The Potential Effect of Red Flag Laws on Violent Shootings

Red flag laws can be effective in lowering rates of gun violence.


Red flag laws can be effective in lowering rates of gun violence.

Josh Thomas, Copy Editor

On Jan. 6, 2023, Richneck Elementary School teacher Abigail Zwerner was shot by one of her six-year-old students. Now, she’s suing the people who let it happen for $40 million.

Although loose gun laws partially contribute to incidents of gun violence such as this, the school’s administration displayed extraordinary negligence leading up to the shooting. In the past two years, the student in question (known only as “John Doe”) had strangled a teacher, inappropriately touched a female student under her dress, and whipped other students with his belt. 

Each one of these instances of egregious conduct was met with a mere slap on the wrist, as Zwerner’s lawsuit alleges that he was given pieces of candy after being sent to the principal’s office. 

Two days before the incident, John Doe took Zwerner’s phone and smashed it against the ground, rendering it unusable.
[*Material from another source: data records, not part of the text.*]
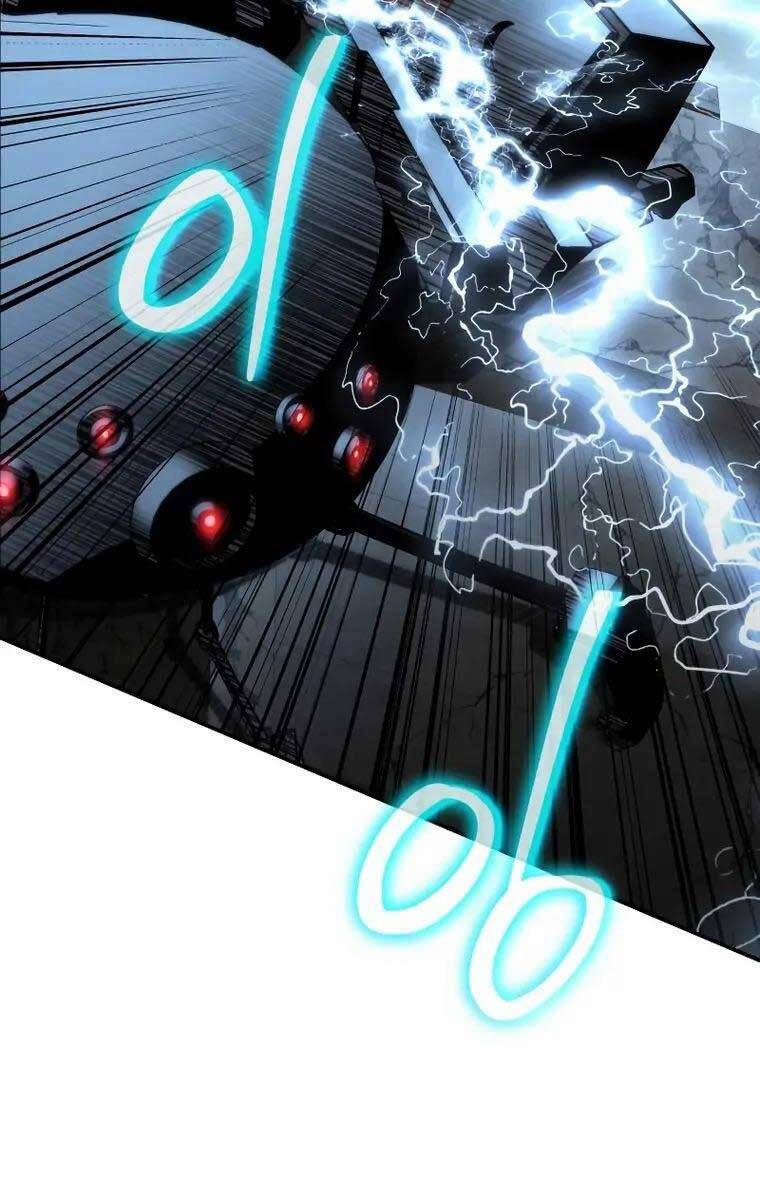 Vua Hiệp Sĩ Đã Trở Lại Với Một Vị Thần 13 trang 61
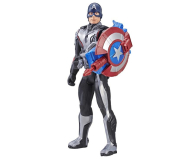 Hasbro Disney Avengers Endgame Titan Hero FX 2.0 America - 519008 - zdjęcie 1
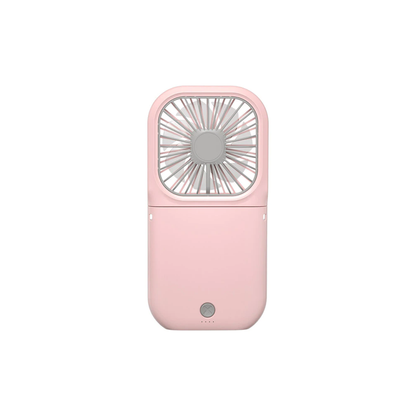 Multifunctional Mini Portable Fan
This was only met with a single day of suspension. 

On the day of the incident, Zwerner reported to Richneck Elementary Assistant Principal Ebony Parker that John Doe seemed to be exercising particular violent tendencies, and had threatened another student. Another teacher also came to Parker with the concern that he may have had a gun, which was corroborated by two students. A third teacher came to Parker again with a report that the boy had shown the gun to another student at recess later in the afternoon, and a fourth teacher asked to search the boy. Despite all of this, Parker did nothing.

This abhorrent incident was shocking to many, but the underlying circumstances are the same for the majority of mass shootings. Just like the Richneck Elementary shooting, many of these incidents are preventable, albeit through different means.

Pleasant Valley psychology teacher Ann Berger followed this situation closely, and noted many of the red flags that those who commit violent acts often display. “They’re writing violent pieces in school. They’re treating students poorly, they’re showing things that, with the situation with the six-year-old, there were teachers that tried to say ‘I have concerns.’ And there they are, and they’re just kind of dismissed; passed over,” Berger lamented. 

On the micro level, teachers are often ignored by administrators when they voice worries about student behavior. On the macro level, the government often fails to act in necessary ways in order to prevent mass shootings. Extreme Risk Protection Orders, often called “red flag laws,” allow either family members or law enforcement officers to impose restrictions on a person’s ability to own a gun if they believe that person may pose a threat to others. Despite the fact that 70% of Americans support these laws, only 20 states have implemented them.

“The research shows that [many of] the school shooters have had domestic assaults. So those are red flags. Clearly, we should be at a minimum, legislating that if you have domestic abuse charges, if you have a history of that, that you would not be allowed to… get a firearm like an AR-15, right?” Berger commented.

Gun violence is ever-encroaching, as the PV school district learned when the high school was threatened by a student who was actually on the other side of the state. Senior Tejus Kanathur recalled this incident as a pivotal moment in his understanding of the immediate danger that it posed. “When that warning came in, I was worried because I always thought these threats were far off, like they wouldn’t happen here in this small town of Bettendorf, Iowa, you know? But this threat is real. It’s like a wake-up call,” Kanathur recounted. 

As Kanathur realized, gun violence is an immediate threat to all of us. Whether it’s red flag laws, increased mental healthcare services or an assault weapon ban, something must be done.